I have a Compaq Presario SR1620NX computer and the dvd drive is LIte-on DVDRW SOHW-1633s.
A few days ago, my dvd drive can only play audio CDs but not read cd/dvd or burn cd/dvd. My question to the group is some thing wrong with the driver of xp?


----------



## patrickv

nah i won't say driver for xp or anything else cause these days most cd/dvd drives doesn't need drivers.
I just think your dvd is wearing out
one a side note that are drives that are picky reading certain media be it origina; or burnt cd's / dvd's


----------



## nkhaeti

*any suggestion before replacing the dvd/cd rom*

thanks patrickv,
do you know of any fix I should try before replacing the drive? i have had this PC for less than 2 years and have not been using the dvd/cd rom a lot. I hate to see it go without trying a fix.
thanks


----------



## StrangleHold

Is it showing up as a CD or DVD drive in my computer, but anyway go to the Control Panel-System-Hardware-Device Manager-find your DVD/CD drives click the + next to it-right click on the drive thats giving you a problem-click uninstall-then restart, it will reload windows drivers for the drive.
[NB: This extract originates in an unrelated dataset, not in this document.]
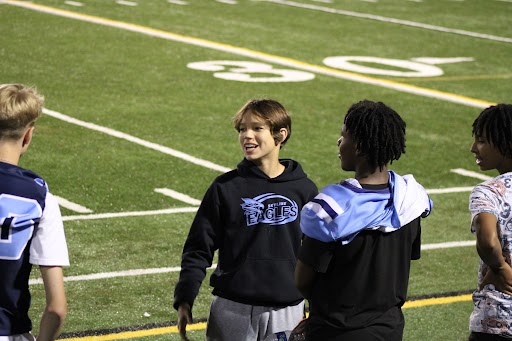 Micheal Kauffman taking pictures on the sideline of a skyline football game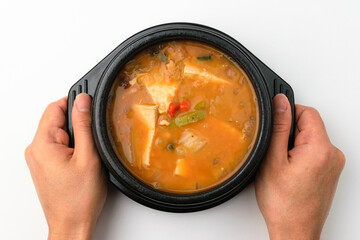 Cheonggukjang stew on a white background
If that doesnt help, like said above the drive is probable going out.


----------



## Fritzjavel

Hey i'm having the same problem too, except mine is a TSSTcorp.. the Dvd drive play's everything, and burns cd perfectly, everything except DVD's i'll insert it in and I can hear it spin the disc, and i hear that laser noise, the little disc insterted icon shows then i open power dvd and it says no disc inserted, tried WMP, PDVD, and Nero... i gave up and now i'm waiting for my new DVD+-RW/CD+-RW... with lightscribe by LG for 32.99... best deal ever..!!!


----------



## sho95

should go into your device manager and check the IDE then next to the current transfer mode it should say something like DMA #.


----------



## Archangel

you might consider updating the firmware of the drive.   I had a Lite-on LTD-163, wich didnt read half the disks I put into it, till I updated the firmware to the newest version 

the latest firmware for this drive has in the notes "supports more media"   So my gues is, thats what you're looking for 

http://www.liteonit.com/global/index.php?option=com_wrapper&Itemid=154
(   tried linking the download site directly, didnt work.    select optical storage in the first box, and then the model numbar in the 2nd box.  then you'll find it  )


----------



## arisejesus

problems like this usually does not consent the drivers or even the disc. try flashing your firmware so that the drive is reset and updated


----------



## addy999

Well i don't think c.d or dvd rom dosent works because of drivers , there are no use of drivers of xp,or 98 in running c.d or d.v.d rom...


----------